**Intro**

Analyzing malware often requires code reverse engineering which can scare people away from malware analysis.

Executables are often encoded to avoid detection. For example, many malicious Word documents have an embedded executable payload that is base64 encoded (or some other encoding). To understand the encoding, and be able to decode the payload for further analysis, reversing of the macro code is often performed.

But code reversing is not the only possible solution. Here we will describe a statistical analysis method that can be applied to certain malware families, such as the Hancitor malicious documents. We will present this method step by step.

**Examples**

First we start with a Windows executable (PE file) that is BASE64 encoded. In BASE64 encoding, 64 different characters are used to encode bytes. 64 is 6 bits, hence there is an overhead when encoding in BASE64, as encoding one byte (8 bits) will require 2 BASE64 characters (6 bits + 2 bits).

With byte-stats.py, we can generate statistics for the different byte values found in a file. When we use this to analyze our BASE64 encoded executable, we get this output:

In the screenshot above see that we have 64 different byte values, and that 100% of the byte values are BASE64 characters. This is a strong indication that the data in file base64.txt is indeed BASE64 encoded.

Using the option -r of byte-stats.py, we are presented with an overview of the ranges of byte values found in the file:

The identified ranges /0123456789, ABCDEFGHIJKLMNOPQRSTUVWXYZ and abcdefghijklmnopqrstuvwxyz (and single charcter +) confirm that this is indeed BASE64 data. Padded BASE64 data would include one or two padding characters at the end (the padding character is =).

Decoding this file with base64dump.py (a BASE64 decoding tool), confirms that it is a PE file (cfr. MZ header) that is BASE64 encoded.

Now, sometimes the encoding is a bit more complex than just BASE64 encoding.

Let’s take a look at another sample:

The range of lowercase letters, for example, starts with d (in stead of a) and ends with } (in stead of z). We observer a similar change for the other ranges.

It looks like all BASE64 characters have been shifted 3 positions to the right.

We can test this hypothesis by subtracting 3 from every byte value (that’s shifting 3 positions to the left) and analyzing the result. To subtract 3 from every byte, we use program translate.py. translate.py takes a file as input and an arithmetic operation: operation “byte – 3” will subtract 3 from every byte value.

This is the result we get when we perform a statistical analysis of the byte values shifted 3 positions to the left:

In the screenshot above we see 64 unique bytes and all bytes are BASE64 characters. When we try to decode this with base64dump, we can indeed recover the executable:

Let’s move on to another example. Malicious documents that deliver Hancitor malware use an encoding that is a bit more complex:

This time, we have 68 unique byte values, and the ranges are shifted by 3 positions when we look at the left of a range, but they appear to be shifted by 4 positions when we look at the right of a range.

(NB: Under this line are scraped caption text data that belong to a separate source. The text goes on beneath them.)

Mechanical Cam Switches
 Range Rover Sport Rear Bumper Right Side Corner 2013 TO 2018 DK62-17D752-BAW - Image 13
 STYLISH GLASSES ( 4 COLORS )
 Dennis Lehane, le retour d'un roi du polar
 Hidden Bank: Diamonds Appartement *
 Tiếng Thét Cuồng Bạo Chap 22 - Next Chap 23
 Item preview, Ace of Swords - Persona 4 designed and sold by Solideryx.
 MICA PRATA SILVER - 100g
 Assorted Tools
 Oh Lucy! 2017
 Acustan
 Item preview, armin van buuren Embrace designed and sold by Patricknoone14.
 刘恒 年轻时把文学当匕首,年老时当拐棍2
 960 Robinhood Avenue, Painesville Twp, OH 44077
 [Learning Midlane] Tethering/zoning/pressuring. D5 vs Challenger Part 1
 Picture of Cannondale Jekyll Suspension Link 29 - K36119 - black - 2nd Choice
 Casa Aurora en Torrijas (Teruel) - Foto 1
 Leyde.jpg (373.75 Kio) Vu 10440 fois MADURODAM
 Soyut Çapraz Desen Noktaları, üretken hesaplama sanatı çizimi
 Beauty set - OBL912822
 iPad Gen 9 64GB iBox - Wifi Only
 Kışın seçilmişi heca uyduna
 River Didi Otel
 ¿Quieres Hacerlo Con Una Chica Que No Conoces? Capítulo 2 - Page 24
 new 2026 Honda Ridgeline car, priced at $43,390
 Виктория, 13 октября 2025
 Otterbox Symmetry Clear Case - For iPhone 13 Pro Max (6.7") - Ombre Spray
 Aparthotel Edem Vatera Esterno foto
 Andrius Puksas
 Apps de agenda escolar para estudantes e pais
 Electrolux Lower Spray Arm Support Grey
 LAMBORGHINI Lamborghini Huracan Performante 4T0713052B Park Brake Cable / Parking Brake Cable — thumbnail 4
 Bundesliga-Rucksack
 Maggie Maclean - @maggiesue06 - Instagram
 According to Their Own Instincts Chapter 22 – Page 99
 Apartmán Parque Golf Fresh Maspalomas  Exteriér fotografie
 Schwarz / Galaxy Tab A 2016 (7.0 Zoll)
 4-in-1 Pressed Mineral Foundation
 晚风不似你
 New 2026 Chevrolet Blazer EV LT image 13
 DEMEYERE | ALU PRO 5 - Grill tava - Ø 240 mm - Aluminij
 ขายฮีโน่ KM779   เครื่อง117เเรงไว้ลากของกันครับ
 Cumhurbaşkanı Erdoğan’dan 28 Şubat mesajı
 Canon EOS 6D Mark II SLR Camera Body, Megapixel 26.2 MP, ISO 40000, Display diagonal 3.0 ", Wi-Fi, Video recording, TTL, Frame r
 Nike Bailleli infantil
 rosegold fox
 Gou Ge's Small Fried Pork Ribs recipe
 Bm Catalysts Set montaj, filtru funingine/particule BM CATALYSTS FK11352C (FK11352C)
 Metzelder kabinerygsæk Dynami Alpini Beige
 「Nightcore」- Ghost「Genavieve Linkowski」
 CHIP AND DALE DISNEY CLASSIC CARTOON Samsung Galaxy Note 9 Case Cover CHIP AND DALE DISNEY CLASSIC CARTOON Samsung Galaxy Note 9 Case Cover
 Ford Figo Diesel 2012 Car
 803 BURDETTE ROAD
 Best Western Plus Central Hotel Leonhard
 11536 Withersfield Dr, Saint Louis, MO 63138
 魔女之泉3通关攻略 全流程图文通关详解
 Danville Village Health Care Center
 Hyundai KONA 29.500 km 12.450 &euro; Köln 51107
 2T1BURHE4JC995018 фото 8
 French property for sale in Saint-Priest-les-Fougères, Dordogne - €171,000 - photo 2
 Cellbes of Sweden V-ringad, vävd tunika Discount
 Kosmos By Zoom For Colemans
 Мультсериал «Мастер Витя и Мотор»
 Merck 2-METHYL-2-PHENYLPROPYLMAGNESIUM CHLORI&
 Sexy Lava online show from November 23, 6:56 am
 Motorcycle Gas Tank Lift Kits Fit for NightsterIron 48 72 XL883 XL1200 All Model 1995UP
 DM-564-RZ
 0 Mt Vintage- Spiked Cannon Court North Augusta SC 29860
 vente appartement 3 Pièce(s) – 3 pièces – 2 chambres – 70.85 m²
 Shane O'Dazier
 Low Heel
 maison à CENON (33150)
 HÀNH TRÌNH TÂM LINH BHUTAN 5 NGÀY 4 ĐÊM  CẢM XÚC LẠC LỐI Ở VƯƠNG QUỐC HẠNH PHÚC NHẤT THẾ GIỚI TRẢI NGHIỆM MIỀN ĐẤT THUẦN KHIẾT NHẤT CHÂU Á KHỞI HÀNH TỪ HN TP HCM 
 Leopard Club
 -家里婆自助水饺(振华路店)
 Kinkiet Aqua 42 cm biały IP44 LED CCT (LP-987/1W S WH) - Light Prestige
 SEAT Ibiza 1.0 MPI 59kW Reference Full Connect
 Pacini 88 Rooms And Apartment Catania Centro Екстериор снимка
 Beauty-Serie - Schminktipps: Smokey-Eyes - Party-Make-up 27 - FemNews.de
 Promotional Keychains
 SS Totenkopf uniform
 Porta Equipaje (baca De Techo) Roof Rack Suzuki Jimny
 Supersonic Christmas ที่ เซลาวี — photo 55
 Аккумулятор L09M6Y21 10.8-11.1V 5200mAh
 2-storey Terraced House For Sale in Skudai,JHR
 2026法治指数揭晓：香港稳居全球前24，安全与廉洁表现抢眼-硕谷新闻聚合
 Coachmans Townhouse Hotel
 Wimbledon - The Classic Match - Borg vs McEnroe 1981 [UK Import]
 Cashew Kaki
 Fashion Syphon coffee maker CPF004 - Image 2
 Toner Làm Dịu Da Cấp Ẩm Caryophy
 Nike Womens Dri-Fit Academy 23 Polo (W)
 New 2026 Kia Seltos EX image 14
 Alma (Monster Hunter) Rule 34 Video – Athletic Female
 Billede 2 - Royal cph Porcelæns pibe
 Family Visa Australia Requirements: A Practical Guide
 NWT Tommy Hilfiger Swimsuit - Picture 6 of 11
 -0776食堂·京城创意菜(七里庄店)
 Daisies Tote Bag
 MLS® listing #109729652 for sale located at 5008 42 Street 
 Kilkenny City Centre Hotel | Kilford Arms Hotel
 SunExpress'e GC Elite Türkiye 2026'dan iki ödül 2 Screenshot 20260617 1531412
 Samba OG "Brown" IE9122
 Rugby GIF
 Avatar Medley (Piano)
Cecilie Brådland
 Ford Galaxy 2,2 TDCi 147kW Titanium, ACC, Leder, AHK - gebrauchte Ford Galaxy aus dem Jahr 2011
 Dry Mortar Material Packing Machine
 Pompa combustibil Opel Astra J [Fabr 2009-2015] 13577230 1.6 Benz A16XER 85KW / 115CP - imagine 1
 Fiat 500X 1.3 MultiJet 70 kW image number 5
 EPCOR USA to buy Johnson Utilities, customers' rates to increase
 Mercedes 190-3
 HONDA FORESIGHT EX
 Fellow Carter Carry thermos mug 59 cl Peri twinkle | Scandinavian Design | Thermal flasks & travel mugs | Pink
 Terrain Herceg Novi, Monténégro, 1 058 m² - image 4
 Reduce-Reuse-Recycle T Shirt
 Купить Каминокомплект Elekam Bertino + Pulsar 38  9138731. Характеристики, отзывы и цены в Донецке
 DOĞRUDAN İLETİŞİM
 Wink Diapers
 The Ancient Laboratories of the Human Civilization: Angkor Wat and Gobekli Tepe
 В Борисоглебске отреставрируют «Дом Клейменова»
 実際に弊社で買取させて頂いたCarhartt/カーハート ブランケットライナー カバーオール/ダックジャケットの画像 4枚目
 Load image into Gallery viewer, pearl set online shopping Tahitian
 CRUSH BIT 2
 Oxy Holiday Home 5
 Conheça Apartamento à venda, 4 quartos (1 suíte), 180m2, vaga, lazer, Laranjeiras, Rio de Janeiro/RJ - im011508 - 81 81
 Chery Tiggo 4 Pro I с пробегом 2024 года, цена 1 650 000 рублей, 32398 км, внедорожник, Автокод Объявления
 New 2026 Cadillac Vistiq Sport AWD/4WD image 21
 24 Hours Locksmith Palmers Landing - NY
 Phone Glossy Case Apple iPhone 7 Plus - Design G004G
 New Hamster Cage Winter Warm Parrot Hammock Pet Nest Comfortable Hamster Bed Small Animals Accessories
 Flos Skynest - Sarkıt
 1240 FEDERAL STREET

How can this be explained?

One hypothesis, is that the malware is encoded by shifting some of the bytes with 3 positions, and the other bytes with 4 positions. A simple method is to alternate this shift: the first byte is shifted by 3 positions, the second by 4 positions, the third again by 3 positions, the fourth by 4 positions, and so on …

Let’s try out this hypothesis, by using translate.py to shift by 3 or 4 positions depending on the position:

Variable *position* is an integer that gives the position of the byte (starts with 0), and position % 2 is the remainder of dividing position by 2. Expression position % 2 == 0 is True for even positions, and False for uneven positions. IFF is the IF Function: if argument 1 is true, it returns argument 2, otherwise it returns argument 3. This is how we can shift our input alternating with 3 and 4.

But as you can see, the result is certainly not BASE64, so our hypothesis is wrong.

Let’s try with shifting by 4 and 3 (instead of 3 and 4):

This time we get the ranges for BASE64.

Testing with base64dump.py confirms our hypothesis:

**Conclusion**

Malware authors use encoding schemes that can be reverse engineered by statistical analysis and testing simple hypotheses. Sometimes a bit of trial and error is needed, but these encoding schemes can be simple enough to decode without having to perform reverse engineering of code.